Finalmente, recordar la manzana incrustada que nadie quitó del caparazón de Gregorio como una indiferencia causada por la violencia normalizada, dialoga con el último infarto de mi mamá, pues una serie de violencias institucionales tan difusas y difíciles de nombrar, acabaron finalmente en un tercer infarto y con la poca independencia que le quedaba: sus pasos y su voz.

“Cierto es que todo el cuerpo le dolía; pero le parecía como si estos dolores se fuesen debilitando más y más, y pensaba que, por último, acabarían. Apenas si notaba ya la manzana podrida que tenía en la espalda, y la inflamación, revestida de blanco por el polvo. Pensaba con emoción y cariño en los suyos. Se hallaba, tal vez, aún más firmemente convencido que su hermana de que tenía que desaparecer.”

¿Cómo averiguar las necesidades de alguien que no puede comunicarse? ¿En que momento comienza la deshumanización?

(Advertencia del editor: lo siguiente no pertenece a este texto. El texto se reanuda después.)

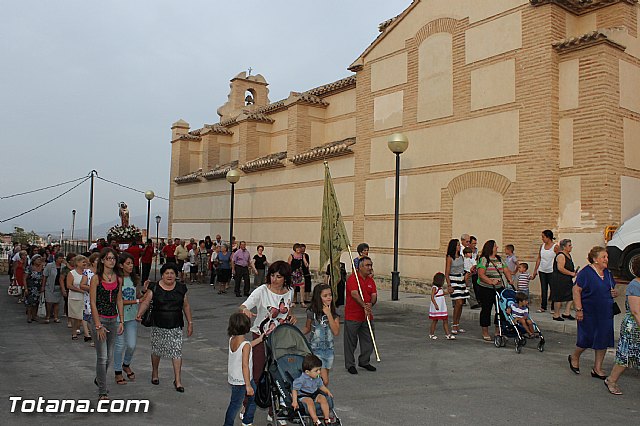 Procesin barrio de San Jos. Totana 2012 - 20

Nadie nos prepara para esto porque nadie lo nombra, la vergüenza de una fisiología o fisionomía distinta nos orilla a una percepción kafkiana sobre un bicho al que solo le queda esperar la muerte ante una nueva condición que nadie quiso entender. El reto de interpretación de un lenguaje primitivo y carente de palabras sigue latente.

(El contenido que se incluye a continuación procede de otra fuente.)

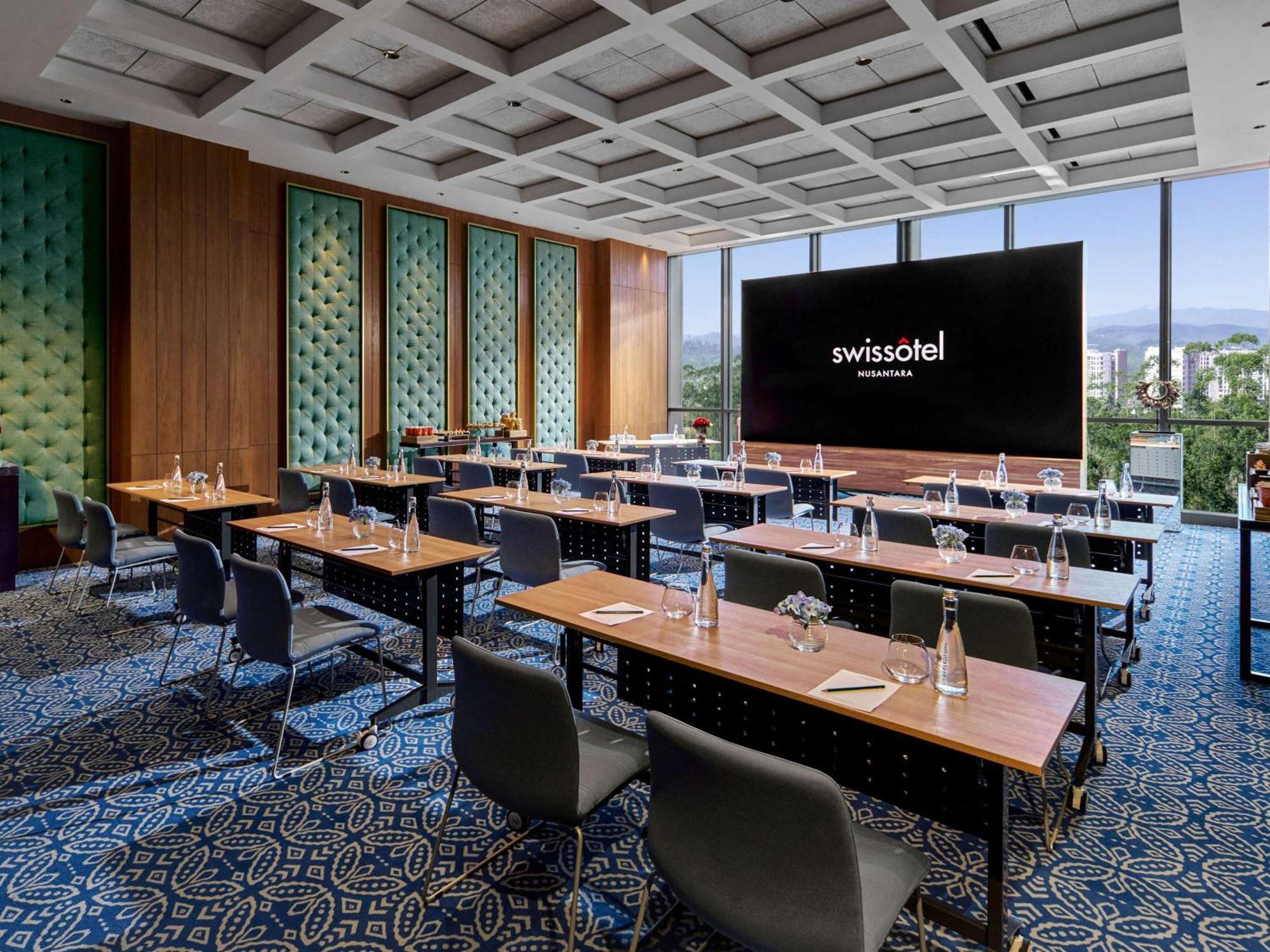 Swissotel Nusantara Penajam 외부 사진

La poeta mexicana Zel Cabrera en el artículo El nombre exacto, sugiere la importancia de nombrar con las palabras exactas aquello que llamamos discapacidad o sus variantes condescendientes, pues es necesario comenzar a plantearse las necesidades colectivas de un cuerpo neurodivergente y/o enfermo, que vayan más allá de rampas o elevadores. Con mucho amor, hoy nombro la hemiparesia derecha y afasia que un día tuvo Paty, pues ella no pudo hacerlo y curiosamente ella me presentó por primera vez el relato en cuestión.

Este peculiar homenaje compartido, es igual un homenaje a la enfermedad, a la ficción, a la atemporalidad y al diálogo de la literatura con la vida cotidiana, pues en palabras de Kafka, recordamos que: la literatura siempre es una expedición a la verdad.